1. 12

  2. 4

    Wow. Bleach has been a staple in my Python toolkit for years - v1 was released about 12 years ago, and I’m fairly certain Bitbucket was using it when I worked there almost 8 years ago. Thank-you for maintaining it for so long. I hope another library steps up to take its place.

    Though, outside of compatibility updates, and major bug fixes, is there much that needs to be done with bleach? It seems like part of the reason for its longevity is that it’s had a similar API for a long time, and it’s been very stable. Maybe it could be changed to use lxml.html under the hood to get around html5lib seeming to be unmaintained, but it doesn’t seem like a very high priority unless there’s a security issue or major bug with the underlying library.

    1. 2

      While it is sad to see Bleach deprecated, as it is a library I’ve used for SO long time, I expect some amount of projects like nh31 to emerge soon to fill the void.

      Which even can be seen as win-win situation, as ammonia2 crate declares itself as 15x time faster alternative to Bleach.

      1. 2

        This feels like it’s been a while coming. Gloriously, html5lib deprecated its sanitizer in favor of Bleach in 2020, but the project’s owners haven’t passed the torch.
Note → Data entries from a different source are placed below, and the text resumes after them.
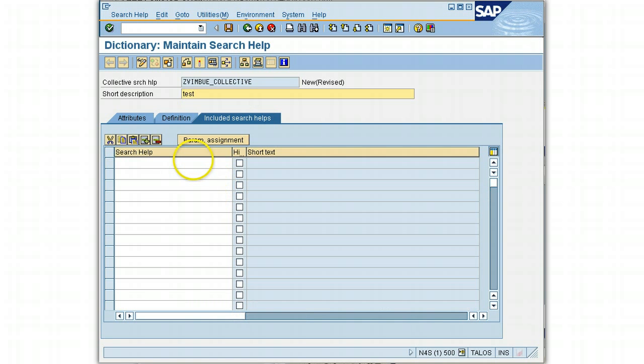Now we come to a very important tab which defines or includes the search helps you have already created — these are elementary search helps. I have to enter all the elementary search helps I want as a collection, so I'll enter Z_WIMBU_ALIEN, which I have already created.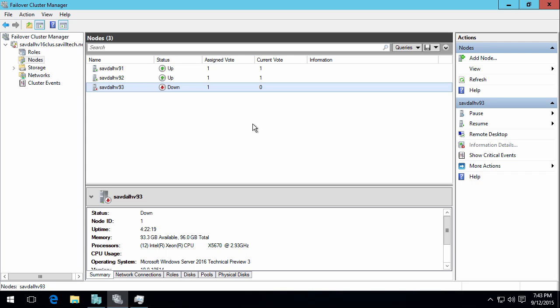But what about if I have a bunch of direct attached storage within multiple nodes in the cluster? And I want to aggregate all of that together to present itself as maybe a cluster shared volume or make it available to others as a scale out file server over SMB, kind of like a virtual SAN.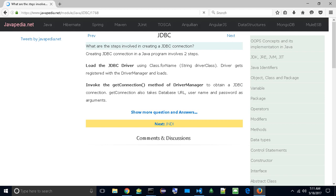What are the steps involved in creating a JDBC connection? Creating a JDBC connection in a Java program involves two steps. First, load the JDBC driver using Class.forName, passing the driver class string. The driver gets registered with the driver manager and loads.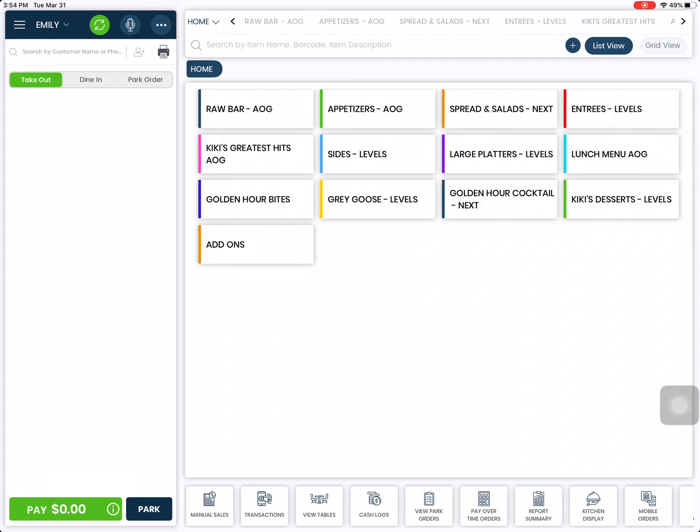Hi, welcome to IPOS. Today I will show you how to clock out of the system and print an end of day report.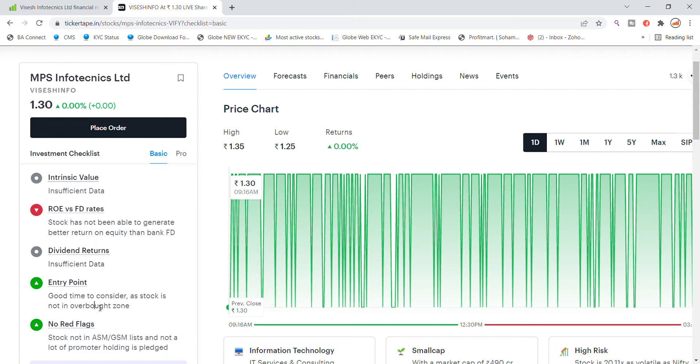You can see stock is not in over zone - good time to consider.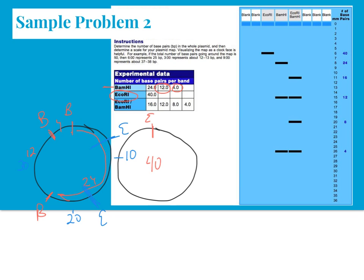It's important to realize that these plasmid maps give relative positions. There are often multiple answers that are acceptable. Either of our restriction sites there would be acceptable.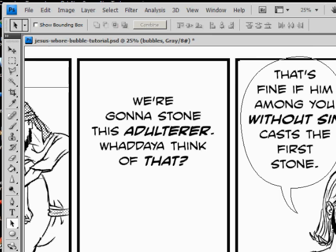We're going to record some word bubble tutorial — making some word bubbles in Photoshop with paths, rather than painting it. You don't just want to draw these; you want them to look nice. As you can see, I made a word bubble over here already.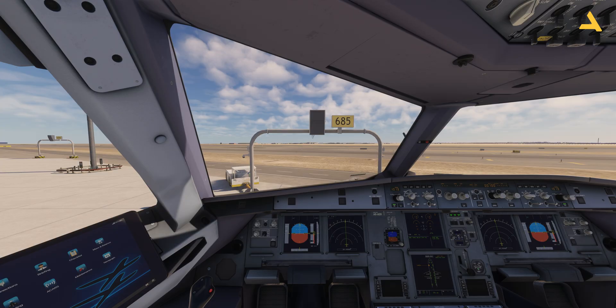Welcome to my channel. I'm back with you once again with another video of Microsoft Flight Simulator 2024. Nowadays I'm exploring the FS Labs Airbus A321neo, and in this video I will show you how to configure the Thrustmaster TCA quadrant for this plane.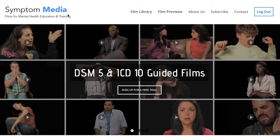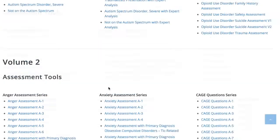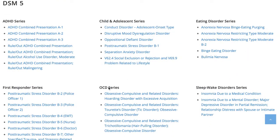Welcome to a preview of a Symptom Media DSM-5 Guided Case Study. How are people using Symptom Media's DSM-5 Guided Cases? With access to over 500 assessment tools, DSM-5 and ICD-10 Guided Cases, educators can smoothly integrate videos within lectures and discussions with an easy-to-navigate index library page. Be sure to visit SymptomMedia.com to sign up for a free trial today.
        Around that time I looked into forking html5lib due to the lack of maintenance (they aren’t great about merging PRs) and slow performance. My thought was to type annotate it enough to run mypyc on it. However, after triaging all the open issues and digging into the implementation I don’t think it’s really worth salvaging, for a number of reasons:

        • It’s surprisingly incomplete, lacking support for not-exactly-new stuff like <wbr> and <ol reversed> (and there are many more omissions in the sanitizer)
        • The parsing is done character-by-character and with a substantial amount of indirection — there’s no clear way to improve its performance without a radical re-architecture
        • There is a ton of internal layering to support generating different tree representations (ElementTree, DOM) that adds a ton of complexity and weird asymmetry between what the parser produces and what the serializer consumes (you can’t stream the parser’s tokens into the serializer directly; you must go through a tree builder even if you know the input is well-formed because the tokens are different)
        • The serializer tokens are dictly-typed, so pointlessly slow on modern Pythons
        • It doesn’t pass its own test suite

        It feels like the victory of the project was html5lib-tests, which were used to build html5ever, not so much the actual software product.

        I’ll probably end up porting my HTML processing code to Rust so I can use html5ever directly.

        1. 1

          If using rust, I can highly recommend https://github.com/rust-ammonia/ammonia which is already sitting on top of html5ever.